# what order do you do push/pull/ legs in?



## scouse2010 (Mar 17, 2010)

I have been doing: monday-push wednesday-legs Friday-pull

Would it be better to do

monday-legs

wednesday-push

friday-pull


----------



## shinobi_85 (Feb 20, 2011)

first one i would prefer. more rest between upper body workouts mate.


----------



## steve bridgend (Aug 1, 2010)

I do

Monday pull

Wednesday legs

Friday push for the same reason as above


----------



## scouse2010 (Mar 17, 2010)

My legs are still a lill bit sore or should I use may ass is.
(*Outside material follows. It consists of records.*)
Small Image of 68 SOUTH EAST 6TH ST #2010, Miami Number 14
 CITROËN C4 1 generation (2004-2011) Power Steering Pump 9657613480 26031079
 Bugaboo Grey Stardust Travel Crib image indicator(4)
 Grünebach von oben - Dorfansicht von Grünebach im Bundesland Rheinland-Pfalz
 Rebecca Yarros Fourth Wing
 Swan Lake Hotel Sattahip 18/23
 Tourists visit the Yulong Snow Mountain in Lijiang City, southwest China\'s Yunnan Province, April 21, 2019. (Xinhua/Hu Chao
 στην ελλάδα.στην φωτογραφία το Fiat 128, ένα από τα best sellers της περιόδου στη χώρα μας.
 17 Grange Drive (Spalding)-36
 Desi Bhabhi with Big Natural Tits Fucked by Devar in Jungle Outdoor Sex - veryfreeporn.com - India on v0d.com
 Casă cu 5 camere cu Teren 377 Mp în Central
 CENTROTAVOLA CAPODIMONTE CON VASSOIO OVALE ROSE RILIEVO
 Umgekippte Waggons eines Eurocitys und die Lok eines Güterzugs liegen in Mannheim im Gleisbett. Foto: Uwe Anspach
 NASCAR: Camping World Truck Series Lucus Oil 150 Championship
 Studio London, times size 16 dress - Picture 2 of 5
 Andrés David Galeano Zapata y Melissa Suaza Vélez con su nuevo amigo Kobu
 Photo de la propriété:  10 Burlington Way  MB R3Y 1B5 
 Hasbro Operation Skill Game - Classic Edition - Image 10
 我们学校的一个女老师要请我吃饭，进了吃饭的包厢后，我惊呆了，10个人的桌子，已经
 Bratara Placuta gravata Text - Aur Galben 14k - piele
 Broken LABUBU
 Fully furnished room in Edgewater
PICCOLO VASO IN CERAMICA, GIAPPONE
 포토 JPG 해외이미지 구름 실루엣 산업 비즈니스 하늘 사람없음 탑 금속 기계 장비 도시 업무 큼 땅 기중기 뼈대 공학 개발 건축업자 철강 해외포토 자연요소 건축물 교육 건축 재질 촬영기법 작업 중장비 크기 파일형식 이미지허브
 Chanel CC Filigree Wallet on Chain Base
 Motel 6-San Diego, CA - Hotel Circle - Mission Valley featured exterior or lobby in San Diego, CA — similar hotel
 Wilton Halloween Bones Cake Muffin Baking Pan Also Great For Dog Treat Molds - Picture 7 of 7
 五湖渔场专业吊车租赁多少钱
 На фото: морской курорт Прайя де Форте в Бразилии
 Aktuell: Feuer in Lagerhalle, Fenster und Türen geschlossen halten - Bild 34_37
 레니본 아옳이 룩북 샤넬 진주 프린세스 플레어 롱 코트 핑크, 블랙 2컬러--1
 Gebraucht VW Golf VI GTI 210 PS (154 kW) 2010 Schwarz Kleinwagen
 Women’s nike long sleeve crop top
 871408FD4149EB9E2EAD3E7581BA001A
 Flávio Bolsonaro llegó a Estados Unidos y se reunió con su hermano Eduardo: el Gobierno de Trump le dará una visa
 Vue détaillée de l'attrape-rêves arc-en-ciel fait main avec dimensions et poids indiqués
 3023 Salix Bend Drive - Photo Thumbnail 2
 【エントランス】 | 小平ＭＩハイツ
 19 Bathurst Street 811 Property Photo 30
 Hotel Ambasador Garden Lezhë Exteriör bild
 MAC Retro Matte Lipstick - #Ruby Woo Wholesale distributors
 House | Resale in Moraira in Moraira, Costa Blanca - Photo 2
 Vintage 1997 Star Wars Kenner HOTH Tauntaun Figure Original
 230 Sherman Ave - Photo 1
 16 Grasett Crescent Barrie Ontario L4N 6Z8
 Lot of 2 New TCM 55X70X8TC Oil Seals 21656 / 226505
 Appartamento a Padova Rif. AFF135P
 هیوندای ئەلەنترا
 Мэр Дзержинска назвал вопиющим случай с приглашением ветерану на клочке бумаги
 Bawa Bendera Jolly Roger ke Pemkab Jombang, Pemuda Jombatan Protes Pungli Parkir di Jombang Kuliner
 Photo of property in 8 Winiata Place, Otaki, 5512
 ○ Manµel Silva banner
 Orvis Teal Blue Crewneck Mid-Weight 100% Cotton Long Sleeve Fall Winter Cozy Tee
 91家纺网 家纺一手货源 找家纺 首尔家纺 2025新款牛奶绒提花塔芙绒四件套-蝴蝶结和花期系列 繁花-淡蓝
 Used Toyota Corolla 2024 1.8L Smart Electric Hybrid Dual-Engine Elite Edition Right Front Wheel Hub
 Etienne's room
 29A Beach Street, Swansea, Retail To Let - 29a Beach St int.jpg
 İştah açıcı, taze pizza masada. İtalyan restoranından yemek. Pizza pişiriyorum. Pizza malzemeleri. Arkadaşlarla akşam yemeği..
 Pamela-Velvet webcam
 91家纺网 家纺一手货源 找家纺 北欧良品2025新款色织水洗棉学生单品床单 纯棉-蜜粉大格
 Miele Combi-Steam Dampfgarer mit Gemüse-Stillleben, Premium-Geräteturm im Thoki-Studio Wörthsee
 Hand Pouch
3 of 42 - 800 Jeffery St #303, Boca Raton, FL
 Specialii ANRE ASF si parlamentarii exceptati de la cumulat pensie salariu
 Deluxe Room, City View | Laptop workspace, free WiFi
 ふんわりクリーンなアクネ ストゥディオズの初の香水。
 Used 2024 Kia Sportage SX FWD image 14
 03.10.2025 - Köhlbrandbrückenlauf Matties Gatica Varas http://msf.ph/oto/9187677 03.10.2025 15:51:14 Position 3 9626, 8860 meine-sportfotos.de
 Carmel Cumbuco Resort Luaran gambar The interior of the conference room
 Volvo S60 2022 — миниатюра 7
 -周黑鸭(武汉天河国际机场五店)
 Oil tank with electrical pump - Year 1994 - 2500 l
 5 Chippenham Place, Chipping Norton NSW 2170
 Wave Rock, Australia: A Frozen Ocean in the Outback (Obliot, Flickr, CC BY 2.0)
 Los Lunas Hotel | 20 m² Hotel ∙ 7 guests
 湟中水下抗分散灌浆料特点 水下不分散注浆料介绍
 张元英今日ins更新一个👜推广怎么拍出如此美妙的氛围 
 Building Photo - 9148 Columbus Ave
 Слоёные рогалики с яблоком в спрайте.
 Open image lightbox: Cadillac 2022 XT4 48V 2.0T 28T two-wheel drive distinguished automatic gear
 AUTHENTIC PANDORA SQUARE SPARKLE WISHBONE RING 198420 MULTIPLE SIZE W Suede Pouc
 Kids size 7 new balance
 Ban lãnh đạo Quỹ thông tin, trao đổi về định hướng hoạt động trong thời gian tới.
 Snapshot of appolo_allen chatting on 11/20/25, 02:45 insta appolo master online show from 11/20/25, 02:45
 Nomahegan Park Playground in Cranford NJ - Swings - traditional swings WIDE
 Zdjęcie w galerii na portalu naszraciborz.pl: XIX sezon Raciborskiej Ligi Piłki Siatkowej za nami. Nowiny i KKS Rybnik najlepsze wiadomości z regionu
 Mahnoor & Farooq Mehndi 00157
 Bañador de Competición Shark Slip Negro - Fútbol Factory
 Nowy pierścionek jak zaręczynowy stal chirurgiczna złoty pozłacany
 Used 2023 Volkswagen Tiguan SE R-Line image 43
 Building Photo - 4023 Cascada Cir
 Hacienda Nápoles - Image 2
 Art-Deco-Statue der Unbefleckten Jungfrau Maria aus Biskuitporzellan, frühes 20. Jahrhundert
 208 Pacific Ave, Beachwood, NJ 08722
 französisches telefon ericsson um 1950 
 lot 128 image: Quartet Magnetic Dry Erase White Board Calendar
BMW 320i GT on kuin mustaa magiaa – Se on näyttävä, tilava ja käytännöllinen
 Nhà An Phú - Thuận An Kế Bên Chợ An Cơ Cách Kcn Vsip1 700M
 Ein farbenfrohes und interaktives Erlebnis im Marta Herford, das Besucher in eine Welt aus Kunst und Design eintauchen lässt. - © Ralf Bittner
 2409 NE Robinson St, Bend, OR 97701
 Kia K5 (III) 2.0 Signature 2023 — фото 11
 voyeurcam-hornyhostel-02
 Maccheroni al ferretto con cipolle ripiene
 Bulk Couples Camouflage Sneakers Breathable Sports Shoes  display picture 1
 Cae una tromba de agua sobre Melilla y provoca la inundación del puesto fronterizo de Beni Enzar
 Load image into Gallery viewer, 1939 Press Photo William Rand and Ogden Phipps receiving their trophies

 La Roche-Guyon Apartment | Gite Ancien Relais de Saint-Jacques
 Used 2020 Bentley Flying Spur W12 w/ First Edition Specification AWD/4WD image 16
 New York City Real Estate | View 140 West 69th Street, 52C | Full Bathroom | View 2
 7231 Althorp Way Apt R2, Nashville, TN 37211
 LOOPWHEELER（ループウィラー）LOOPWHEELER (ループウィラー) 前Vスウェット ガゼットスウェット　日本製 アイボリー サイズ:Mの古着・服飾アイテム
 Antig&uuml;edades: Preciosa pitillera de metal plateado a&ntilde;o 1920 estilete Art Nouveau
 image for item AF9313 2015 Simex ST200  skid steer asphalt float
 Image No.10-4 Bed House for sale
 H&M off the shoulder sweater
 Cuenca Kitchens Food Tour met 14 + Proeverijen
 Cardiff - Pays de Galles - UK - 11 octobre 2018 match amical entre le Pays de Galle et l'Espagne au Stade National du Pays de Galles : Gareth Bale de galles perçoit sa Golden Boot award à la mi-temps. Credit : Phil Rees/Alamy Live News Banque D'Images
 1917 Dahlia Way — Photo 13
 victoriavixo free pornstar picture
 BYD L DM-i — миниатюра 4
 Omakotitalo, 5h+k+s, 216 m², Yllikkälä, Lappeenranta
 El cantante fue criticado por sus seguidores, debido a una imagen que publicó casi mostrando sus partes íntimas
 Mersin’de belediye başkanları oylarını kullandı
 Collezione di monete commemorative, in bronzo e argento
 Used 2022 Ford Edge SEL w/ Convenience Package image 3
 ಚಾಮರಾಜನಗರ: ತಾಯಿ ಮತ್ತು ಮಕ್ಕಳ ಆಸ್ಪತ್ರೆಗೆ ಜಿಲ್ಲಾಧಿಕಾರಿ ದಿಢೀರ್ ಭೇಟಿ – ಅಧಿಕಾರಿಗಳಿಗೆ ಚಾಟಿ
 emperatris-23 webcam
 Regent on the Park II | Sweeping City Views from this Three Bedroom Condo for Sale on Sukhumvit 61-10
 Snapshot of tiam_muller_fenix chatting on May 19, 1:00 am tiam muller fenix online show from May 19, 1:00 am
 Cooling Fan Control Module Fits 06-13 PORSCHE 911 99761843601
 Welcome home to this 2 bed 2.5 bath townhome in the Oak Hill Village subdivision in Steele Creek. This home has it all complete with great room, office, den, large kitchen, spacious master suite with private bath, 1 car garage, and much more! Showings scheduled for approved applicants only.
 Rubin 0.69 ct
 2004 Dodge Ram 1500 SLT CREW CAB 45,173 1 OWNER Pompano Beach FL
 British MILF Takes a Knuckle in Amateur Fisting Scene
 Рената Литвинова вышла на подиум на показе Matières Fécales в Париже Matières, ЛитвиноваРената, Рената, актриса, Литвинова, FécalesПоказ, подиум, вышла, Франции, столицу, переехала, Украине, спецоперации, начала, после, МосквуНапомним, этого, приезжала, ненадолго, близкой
Thats why I was thinking of doing that I as I think the damamge caused by squats stops me from deadlifting that tiny bit more.


----------



## engllishboy (Nov 1, 2007)

Pull - Mon

Push - Wed

Legs -Fri

Gave a break between deadlifts and squats


----------



## energize17 (Jul 25, 2009)

I used to do

Day1.Pull

Day2. Push

Day3 Legs

2days break and then Repeat.


----------



## a.notherguy (Nov 17, 2008)

engllishboy said:


> Pull - Mon
> 
> Push - Wed
> 
> ...


x2


----------



## paddyrr3 (Oct 15, 2010)

shinobi_85 said:


> first one i would prefer. more rest between upper body workouts mate.


exactly what i do, plenty of upper body rest between sessions


----------